Then, if we look a bit further down in the output, we'll start to see the two main components that make up a Plotly figure (both Express, and otherwise): the data
and the layout
parameters.
Everything listed under layout
... Supporting dict properties:
let's you see all of the layout parameters that could be callable! There are a lot of them, for sure. Remeber, we're looking to learn about how to mess with the legend, so we scroll through these properties until we get to legend
, as shown below.
From this, we can tell that there is a legend parameter that is a part of this figure's layout and that is callable as a dictionnary... but what value within that dictionnary controls the legend's location? Well, for that, one hacky but useful method I have discovered is to guess, and read the error traceback. For example, I might write the chunk of code below...
Which will ultimately throw an error containing, among other things this traceback here:
Eureka! A list of parameteres that our legend dictionnary can take, a few of which have to deal with the legend's location. We can thus apply this guess-and-check method to fix the chart as we'd like, arriving at the following layout updates below.

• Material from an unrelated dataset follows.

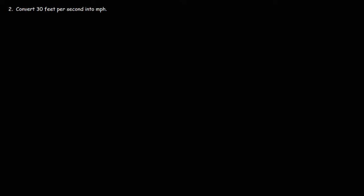Now, let's work on this problem. Convert 30 feet per second into miles per hour. So let's start with what we're given. That is 30 feet per second. So that's the speed.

# now that we've found the right layout and legend parameters, we have what we need to move the legend where we want it:
(lender_fico_hist
# change the layout's location
.update(
layout = dict(
legend = dict(
# pick the x and y coords manually (bounded between [-2,3])
x = 0.5,
y = 1.25
)
)
)
)
After all of that work, howeover, our chart labels still don't look as we'd like. As it turns out, this is one of the areas where the Plotly API, no matter how deep we go in the docstrings, doesn't afford us the flexibility we might want. As such, in order to clean up the labels for both the facets and the color legend, we'll need to transform our starting data slighty--something that is actually quite common when making a custom viz. This just goes to show that sometimes it is better to transform your data to suit the API, than to force the API to do something it wasn't designed to do.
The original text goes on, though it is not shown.